▸ TASK DIRECTIONS: Find the line with "Melting Watch" in the entries below. Repeat it, every following line, and the line with "ボルゾイ子犬販売情報、女の子", exactly and with nothing added.

▸ AVAILABLE DATA:

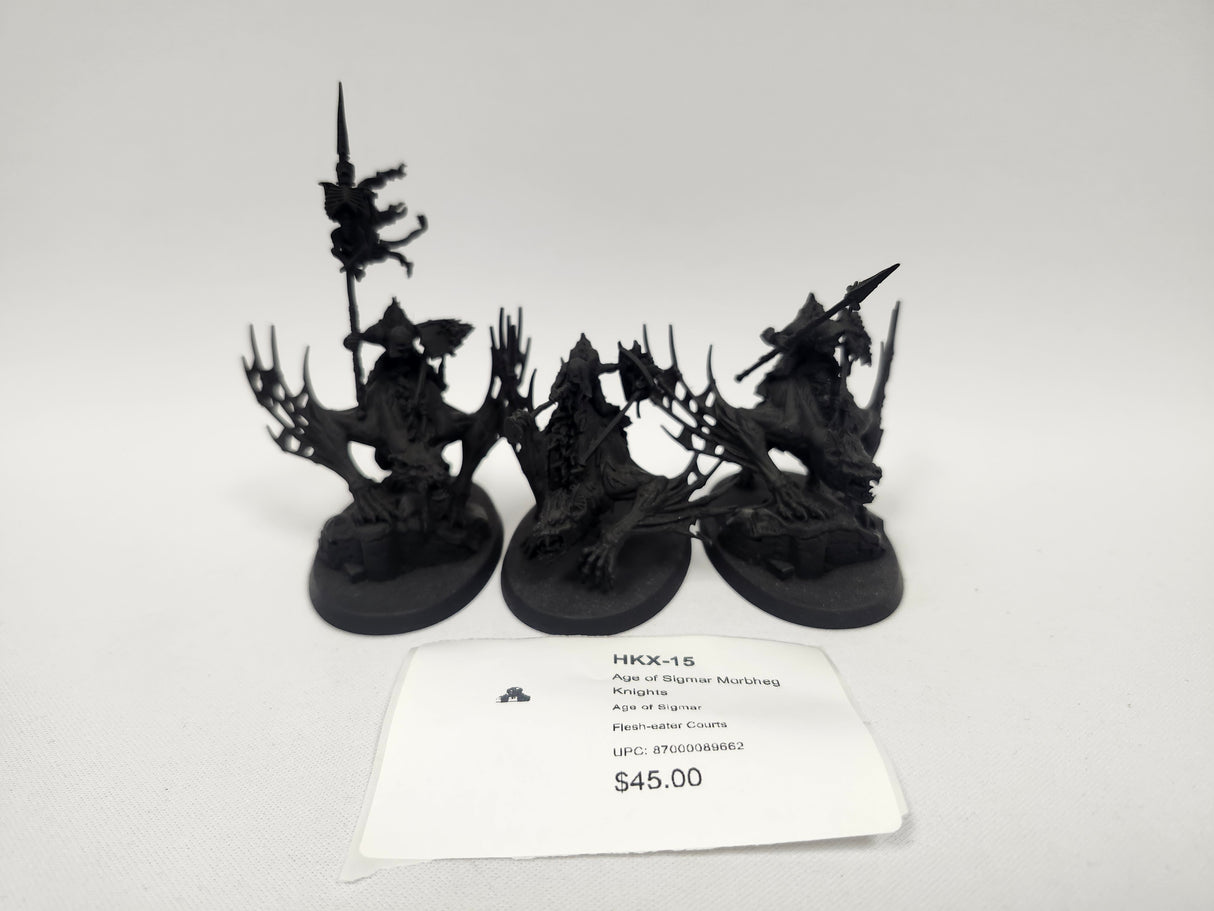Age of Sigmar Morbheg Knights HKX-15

---

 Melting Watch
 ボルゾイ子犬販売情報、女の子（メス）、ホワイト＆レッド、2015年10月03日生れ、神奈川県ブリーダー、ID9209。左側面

* * *

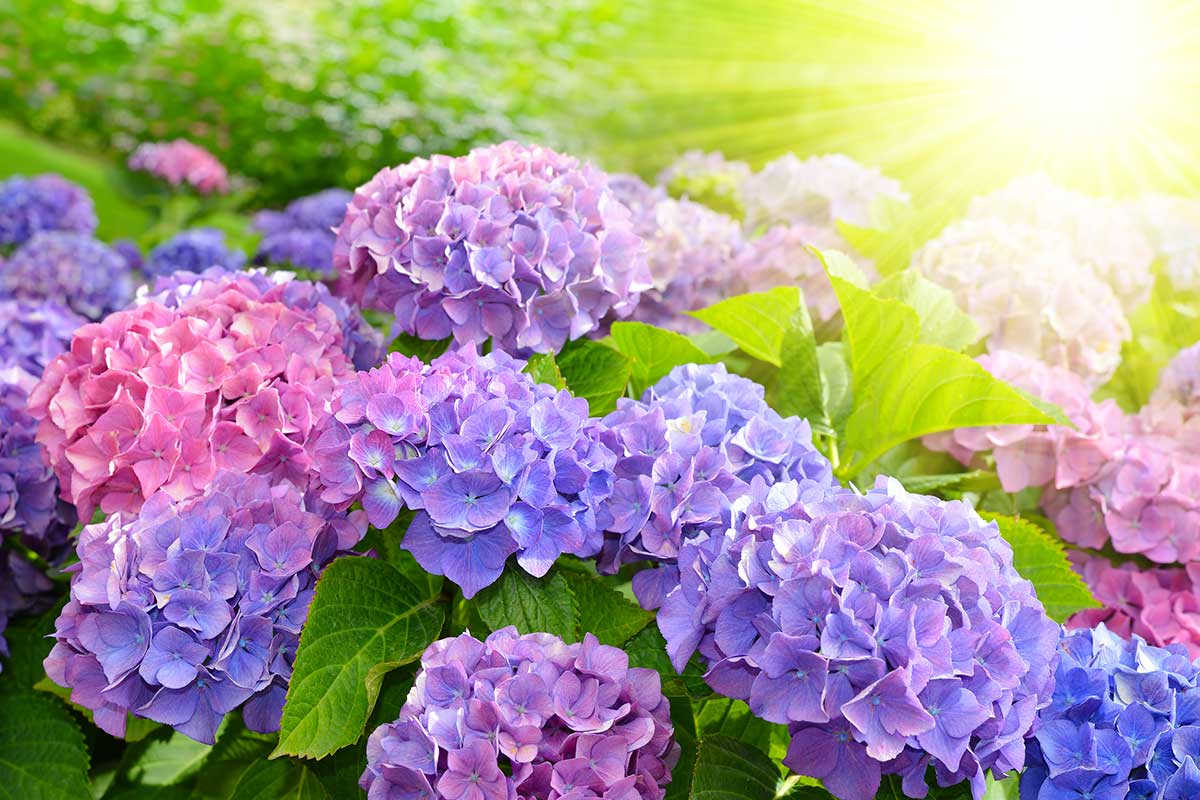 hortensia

▸ ANSWER TO THE PROBLEM:
 Melting Watch
 ボルゾイ子犬販売情報、女の子（メス）、ホワイト＆レッド、2015年10月03日生れ、神奈川県ブリーダー、ID9209。左側面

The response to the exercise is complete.